We keep talking about mental health help for students, but what about the teachers? 
http://kutv.com/news/nation-world/shots-fired-suspect-barricaded-in-classroom


----------



## GaryFish

Huntoholic said:


> Most students are fearful because that is what is being focused on. That is what the media is focusing on. Shouldn't your students be more afraid of drugs? They should be. They see it every day in every school. Every one of those kids knows a classmate that is adversely affected by it. Personally. You cannot say that about firearms.


You mentioned that students should be more afraid of drugs. There is a distinct difference here. I have taught my kids the dangers of drugs. I grew up in the "Just say no" days, and have conveyed that to my children. So when faced with drugs at school, or any other setting, they have the choice of how to react. And hopefully, they will turn down the opportunity.

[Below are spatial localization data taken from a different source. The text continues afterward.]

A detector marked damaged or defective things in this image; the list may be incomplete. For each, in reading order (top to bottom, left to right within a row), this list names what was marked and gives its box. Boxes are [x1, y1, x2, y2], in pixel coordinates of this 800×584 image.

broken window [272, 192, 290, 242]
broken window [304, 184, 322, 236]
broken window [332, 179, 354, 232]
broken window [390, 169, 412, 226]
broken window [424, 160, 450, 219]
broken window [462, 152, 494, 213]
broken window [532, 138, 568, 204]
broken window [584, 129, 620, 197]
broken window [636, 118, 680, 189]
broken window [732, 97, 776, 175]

Shootings are different. No kid shot, had the chance to make a choice - it was made upon them. None of the 17 dead kids in Florida, or anywhere else, chose that outcome. None of the other kids that witnessed and experienced 5, 10, or 15 minutes of war in their school had the option of "just saying no." Sure, kids should be, and are afraid of drugs. But it is their choice to make to be part of that or not. So comparing it to an active shooter simply doesn't work. IT is an entirely different deal.


----------



## Huntoholic

GaryFish said:


> You mentioned that students should be more afraid of drugs. There is a distinct difference here. I have taught my kids the dangers of drugs. I grew up in the "Just say no" days, and have conveyed that to my children. So when faced with drugs at school, or any other setting, they have the choice of how to react. And hopefully, they will turn down the opportunity.
> 
> Shootings are different. No kid shot, had the chance to make a choice - it was made upon them. None of the 17 dead kids in Florida, or anywhere else, chose that outcome. None of the other kids that witnessed and experienced 5, 10, or 15 minutes of war in their school had the option of "just saying no." Sure, kids should be, and are afraid of drugs. But it is their choice to make to be part of that or not. So comparing it to an active shooter simply doesn't work. IT is an entirely different deal.

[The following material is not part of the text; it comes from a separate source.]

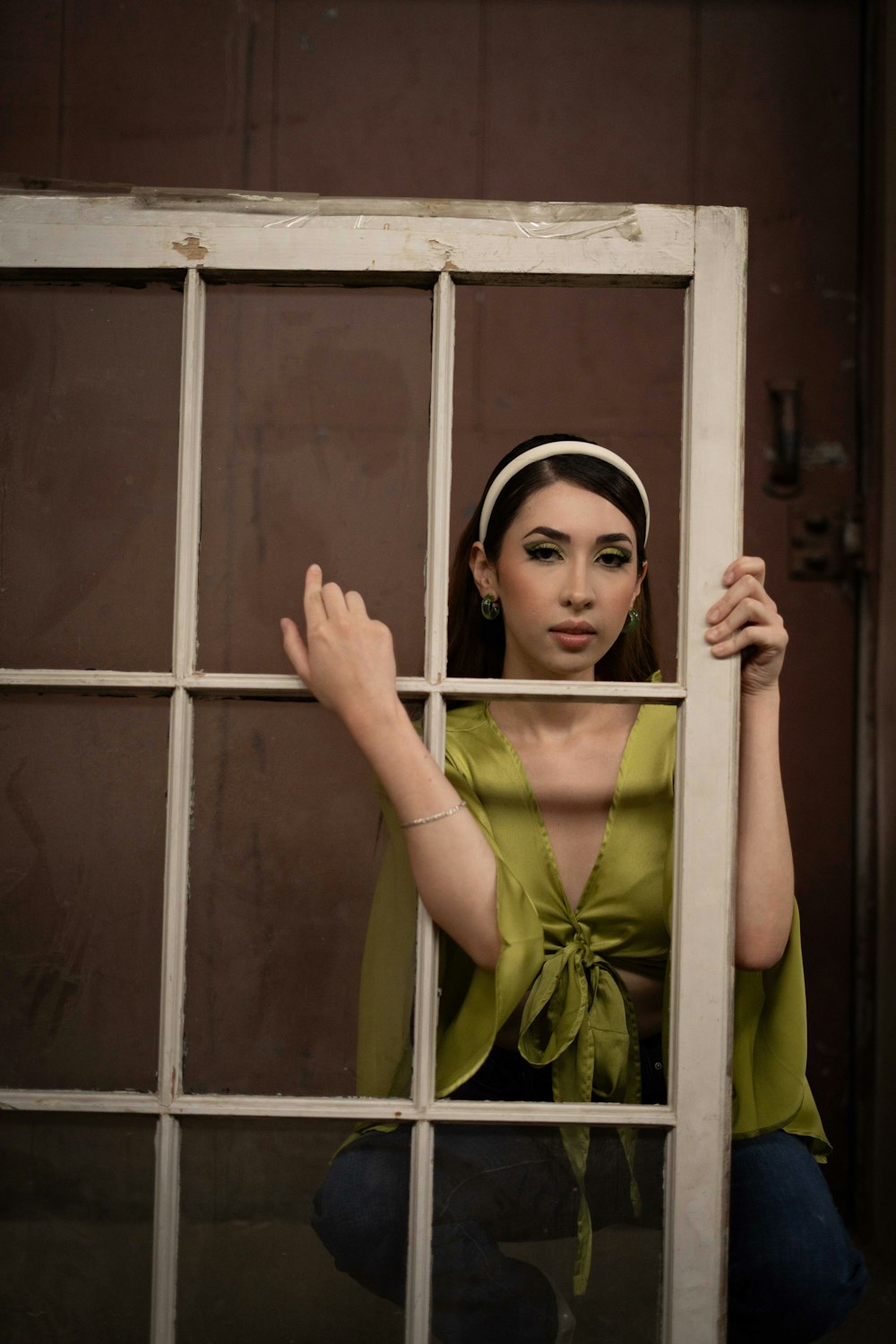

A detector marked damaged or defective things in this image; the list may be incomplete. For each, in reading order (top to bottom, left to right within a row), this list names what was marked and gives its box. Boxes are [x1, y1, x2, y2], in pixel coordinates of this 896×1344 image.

Nope it is not a different deal. Nobody chooses to be on the receiving end of evil. Guns, Drugs, Alcohol, Gangs. A child high or drunk running into people and property with cars is an issue and far more common. I would bet far more lives are lost or destroyed over drugs and alcohol than by guns. Maybe the end result just does not happen at school. Those people on the other end did not ask for it either. They are just expected to pay for it.

So let me get this straight. You are okay with just letting the child make the decision whether to use drugs or not. Throw some information out there, teach a few classes, and then let them decide.

Kids are also taught not to pickup guns, knifes, needles. They are taught that it can be dangerous. But I guess that it is their choice to do it anyway.

How come you are not asking for the kids to be searched before they enter school grounds? I will stop now. Goob will probably take me to the wood shed. Oh wait can you do that anymore?

PS:
It is not my intent to be disrespectful to teachers. It is a hard job. I am just giving my opinion as I see it.


----------



## DallanC

Am I the only one annoyed people are only focusing on shooting victims and not all lives of kids? 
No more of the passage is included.